Making M's is Magnificent!


Emergent Literacy

By: Kacey Albright


Rationale: My goal is for students to automatically recognize both the letter m and the phoneme that accompanies this letter. The reason that this is so important is so that students can become more fluent readers as they recognize one phoneme at a time. In this lesson, this goal is met by aiming to teach kindergarteners how to detect the phoneme /m/ in spoken words through many different exercises. Students learn to recognize /m/ in spoken words by learning a meaningful representation (rubbing my tummy and saying , "mmm mmm good!") and by learning to write the letter symbol m both in the uppercase and lowercase.

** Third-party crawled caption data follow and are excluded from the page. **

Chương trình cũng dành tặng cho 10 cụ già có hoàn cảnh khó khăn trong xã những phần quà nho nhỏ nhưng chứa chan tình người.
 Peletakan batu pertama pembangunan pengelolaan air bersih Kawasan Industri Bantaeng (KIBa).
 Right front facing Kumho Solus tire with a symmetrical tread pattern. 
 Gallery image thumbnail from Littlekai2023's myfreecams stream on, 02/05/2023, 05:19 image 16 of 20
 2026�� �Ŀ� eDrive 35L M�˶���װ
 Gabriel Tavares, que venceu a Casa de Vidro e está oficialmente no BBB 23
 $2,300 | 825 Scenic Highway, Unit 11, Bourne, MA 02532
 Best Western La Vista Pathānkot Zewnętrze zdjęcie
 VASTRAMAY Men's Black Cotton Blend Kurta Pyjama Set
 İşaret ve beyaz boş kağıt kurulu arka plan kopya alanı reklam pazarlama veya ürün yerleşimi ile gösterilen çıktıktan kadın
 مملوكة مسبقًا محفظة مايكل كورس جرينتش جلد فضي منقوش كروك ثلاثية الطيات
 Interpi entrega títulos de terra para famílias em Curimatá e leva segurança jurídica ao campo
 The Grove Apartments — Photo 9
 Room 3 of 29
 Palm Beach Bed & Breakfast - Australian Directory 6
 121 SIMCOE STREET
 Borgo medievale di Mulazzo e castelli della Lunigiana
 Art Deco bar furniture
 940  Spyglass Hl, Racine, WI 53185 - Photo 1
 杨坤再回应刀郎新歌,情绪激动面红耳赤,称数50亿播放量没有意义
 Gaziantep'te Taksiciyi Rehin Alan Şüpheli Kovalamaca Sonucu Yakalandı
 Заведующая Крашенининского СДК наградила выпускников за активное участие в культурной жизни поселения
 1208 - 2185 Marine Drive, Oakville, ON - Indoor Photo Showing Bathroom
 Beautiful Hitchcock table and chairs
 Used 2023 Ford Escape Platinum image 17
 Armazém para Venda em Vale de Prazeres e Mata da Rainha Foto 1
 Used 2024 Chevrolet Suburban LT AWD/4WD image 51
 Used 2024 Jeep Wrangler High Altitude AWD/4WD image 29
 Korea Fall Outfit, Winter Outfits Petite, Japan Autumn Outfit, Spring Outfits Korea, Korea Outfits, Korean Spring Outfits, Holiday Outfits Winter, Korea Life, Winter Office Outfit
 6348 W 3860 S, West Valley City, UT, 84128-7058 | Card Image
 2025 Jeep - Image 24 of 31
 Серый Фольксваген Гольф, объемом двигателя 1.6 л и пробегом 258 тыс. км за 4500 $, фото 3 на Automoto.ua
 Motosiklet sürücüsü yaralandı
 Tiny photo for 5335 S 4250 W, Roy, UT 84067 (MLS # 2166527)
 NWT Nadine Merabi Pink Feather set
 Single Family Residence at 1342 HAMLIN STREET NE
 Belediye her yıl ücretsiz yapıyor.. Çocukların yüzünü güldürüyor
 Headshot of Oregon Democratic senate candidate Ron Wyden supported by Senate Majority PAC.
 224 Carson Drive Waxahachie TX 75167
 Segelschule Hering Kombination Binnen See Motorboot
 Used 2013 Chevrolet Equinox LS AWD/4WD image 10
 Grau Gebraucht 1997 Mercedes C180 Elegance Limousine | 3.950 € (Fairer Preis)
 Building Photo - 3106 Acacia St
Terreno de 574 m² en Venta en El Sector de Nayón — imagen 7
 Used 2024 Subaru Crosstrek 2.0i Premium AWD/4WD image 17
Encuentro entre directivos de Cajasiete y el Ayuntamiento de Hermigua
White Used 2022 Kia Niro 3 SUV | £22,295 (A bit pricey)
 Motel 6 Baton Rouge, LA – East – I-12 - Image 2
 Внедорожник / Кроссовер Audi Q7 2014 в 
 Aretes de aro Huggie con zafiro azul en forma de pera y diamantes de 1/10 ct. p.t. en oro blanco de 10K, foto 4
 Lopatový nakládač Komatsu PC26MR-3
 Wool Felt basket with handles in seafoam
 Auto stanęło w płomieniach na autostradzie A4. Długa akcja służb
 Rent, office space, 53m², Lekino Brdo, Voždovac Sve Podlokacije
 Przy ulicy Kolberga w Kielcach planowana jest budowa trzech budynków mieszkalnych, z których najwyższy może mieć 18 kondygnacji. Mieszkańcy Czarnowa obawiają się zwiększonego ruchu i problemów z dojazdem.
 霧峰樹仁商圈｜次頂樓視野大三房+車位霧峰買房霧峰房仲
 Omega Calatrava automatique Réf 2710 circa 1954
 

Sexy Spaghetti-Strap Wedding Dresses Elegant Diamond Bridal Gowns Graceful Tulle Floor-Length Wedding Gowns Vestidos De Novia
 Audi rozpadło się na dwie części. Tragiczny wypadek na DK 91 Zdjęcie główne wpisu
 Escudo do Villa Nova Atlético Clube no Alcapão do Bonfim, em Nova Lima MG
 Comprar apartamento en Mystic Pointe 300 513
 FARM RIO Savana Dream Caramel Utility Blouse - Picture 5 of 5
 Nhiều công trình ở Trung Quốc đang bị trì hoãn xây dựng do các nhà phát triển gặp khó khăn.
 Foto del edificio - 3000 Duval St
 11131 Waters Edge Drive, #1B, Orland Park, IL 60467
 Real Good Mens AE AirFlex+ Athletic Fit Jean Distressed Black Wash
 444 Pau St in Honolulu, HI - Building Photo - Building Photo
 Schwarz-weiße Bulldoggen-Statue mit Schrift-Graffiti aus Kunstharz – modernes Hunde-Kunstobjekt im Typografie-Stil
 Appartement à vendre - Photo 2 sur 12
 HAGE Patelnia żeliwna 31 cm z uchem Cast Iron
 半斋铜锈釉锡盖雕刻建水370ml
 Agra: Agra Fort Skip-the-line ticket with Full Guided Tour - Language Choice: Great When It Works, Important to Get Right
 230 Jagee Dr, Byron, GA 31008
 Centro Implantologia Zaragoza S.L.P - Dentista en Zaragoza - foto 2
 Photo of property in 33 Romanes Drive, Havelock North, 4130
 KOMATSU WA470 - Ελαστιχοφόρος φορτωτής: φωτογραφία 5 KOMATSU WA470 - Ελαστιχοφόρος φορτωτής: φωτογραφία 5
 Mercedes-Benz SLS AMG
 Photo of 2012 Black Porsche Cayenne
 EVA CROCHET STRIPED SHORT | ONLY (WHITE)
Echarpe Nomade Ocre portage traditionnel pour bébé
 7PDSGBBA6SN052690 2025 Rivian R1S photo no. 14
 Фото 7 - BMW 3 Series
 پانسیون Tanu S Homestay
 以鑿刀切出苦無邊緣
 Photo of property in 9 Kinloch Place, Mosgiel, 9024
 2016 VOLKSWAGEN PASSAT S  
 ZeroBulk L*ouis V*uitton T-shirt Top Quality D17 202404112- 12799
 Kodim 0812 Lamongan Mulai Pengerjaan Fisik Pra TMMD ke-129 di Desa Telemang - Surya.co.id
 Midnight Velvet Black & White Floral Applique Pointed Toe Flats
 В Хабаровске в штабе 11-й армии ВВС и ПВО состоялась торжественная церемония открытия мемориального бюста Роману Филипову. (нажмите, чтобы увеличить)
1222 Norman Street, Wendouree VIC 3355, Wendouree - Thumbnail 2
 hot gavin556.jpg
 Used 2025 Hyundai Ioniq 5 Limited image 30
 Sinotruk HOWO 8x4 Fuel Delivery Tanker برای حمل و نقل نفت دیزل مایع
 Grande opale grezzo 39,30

The students will also practice finding /m/ in different words, and they will apply and use phoneme awareness with /m/ in phonemic cue reading.



Primary paper and pencil for each student

Poster with tongue twister: "Miss Mouse Munches on Marvelous Meatballs"

Crayons and paper

Dry erase board with markers for writing

Cards with the following pictures on them: mushroom & tree; nickel & dime; Run & game; Movie & show

Marcus and the Mail by: Joanne Meier

Index cards with rhyming words on them: moon or soon; cap or nap; feet or meet; make or take.

Assessment worksheet

Index cards with the following words written on them: man, moon, map, meet, and make.



1. Say: "Learning language can be a tricky thing to do, but today we are going to just focus on one letter. That letter is "m". I am going to show you what words have the /m/ sound in them as well as how our mouth moves when we say /m/. Our sound for /m/ is represented with the letter m (Write this on the board). M is the sound we make when we run our tummies." Show picture: Bring in a picture to show the students.


2. "Let's go ahead and pretend we just ate something really good, like a cookie! Now rub your tummy and say, "mmm mmm good." Do you hear the /m/ sound as you are doing this? Notice how our lips come together as we make the /m/ sound. Can you show me how your lips come together when you make this sound?"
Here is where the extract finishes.